Les mesures anti-corruption à la charge des grandes entreprises, champ d’application et nature des obligations :

Champ d’application:

L’article 17 de la loi 2016-1691 impose aux dirigeants de sociétés (présidents, directeurs généraux, gérants et certains membres du directoire) de prendre les mesures destinées à prévenir et à détecter la commission, en France ou à l'étranger, de faits de corruption ou de trafic d'influence.

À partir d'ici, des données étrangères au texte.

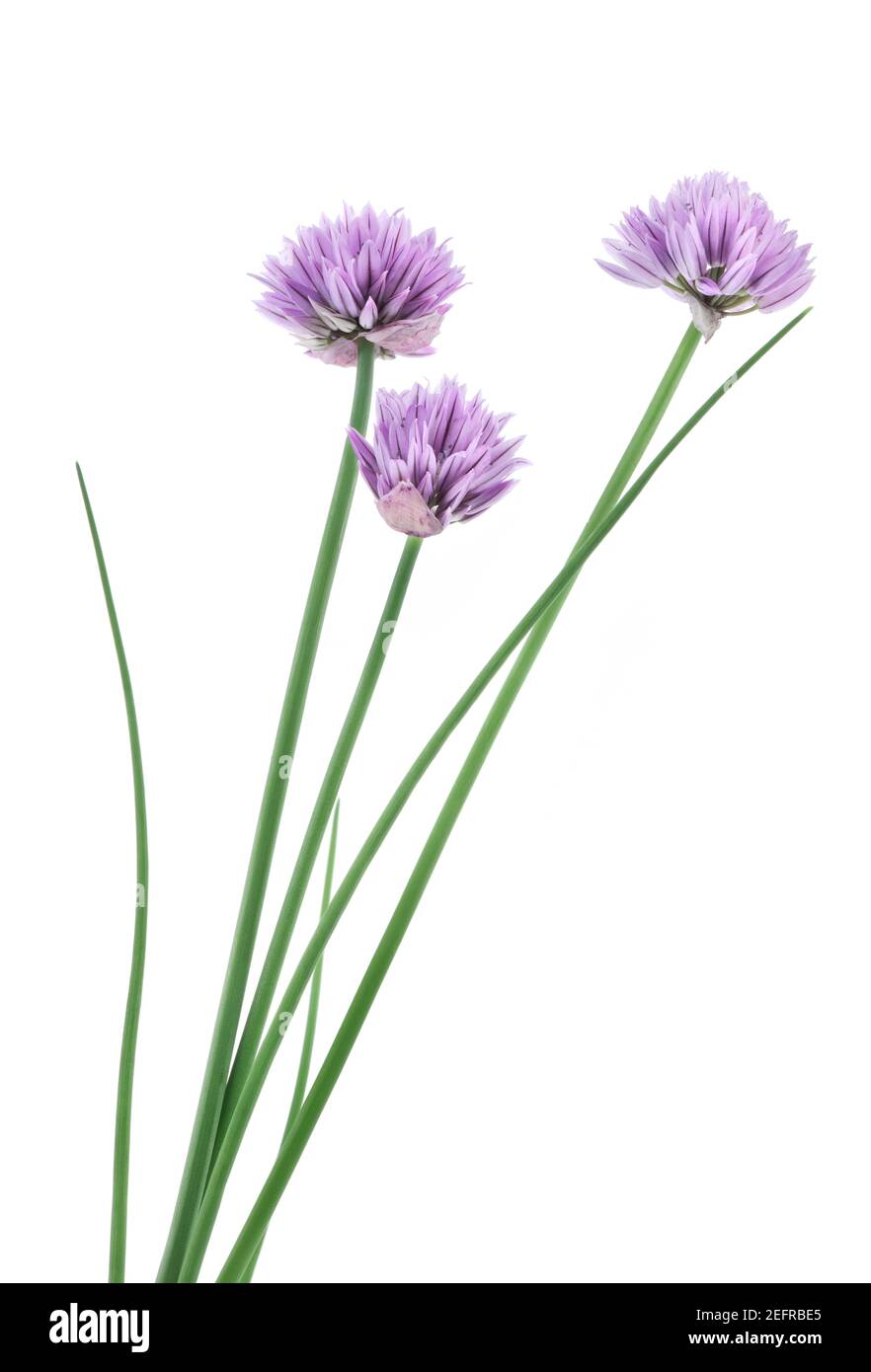 Gros plan artistique de ciboulette, plante Allium schoenoprasum, fleurs d'herbes culinaires, trois fleurs violettes sur tiges vertes. Vue latérale isolée sur le goujon blanc Banque D'Images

Cette obligation s'impose lorsque certains seuils sont atteints : par exemple, lorsque les entreprises emploient au moins 500 salariés, ou appartiennent à un groupe de sociétés dont la société mère a son siège social en France et dont l'effectif comprend au moins 500 salariés.

Nature des obligations:

Toujours en application de l’article 17 de la loi, les mesures et procédures suivantes devront être prises d’ici le 1er juin 2017 :

  • Un code de conduite définissant et illustrant les différents types de comportements à proscrire comme étant susceptibles de caractériser des faits de corruption ou de trafic d'influence.

 

  • Un dispositif d'alerte interne destiné à permettre le recueil des signalements émanant d'employés et relatifs à l'existence de conduites ou de situations contraires au code de conduite de la société ;

 

  • Une cartographie des risques prenant la forme d'une documentation régulièrement actualisée et destinée à identifier, analyser et hiérarchiser les risques d'exposition de la société à des sollicitations externes aux fins de corruption, en fonction notamment des secteurs d'activités et des zones géographiques dans lesquels la société exerce son activité ;

 

  • Des procédures d'évaluation de la situation des clients, fournisseurs de premier rang et intermédiaires au regard de la cartographie des risques ;

 

  • Des procédures de contrôles comptables, internes ou externes, destinées à s'assurer que les livres, registres et comptes ne sont pas utilisés pour masquer des faits de corruption ou de trafic d'influence;

 

  • Un dispositif de formation destiné aux cadres et aux personnels les plus exposés aux risques de corruption et de trafic d'influence ;

 

  • Un régime disciplinaire permettant de sanctionner les salariés de la société en cas de violation du code de conduite de la société ;

 

  • Un dispositif de contrôle et d'évaluation interne des mesures mises en œuvre.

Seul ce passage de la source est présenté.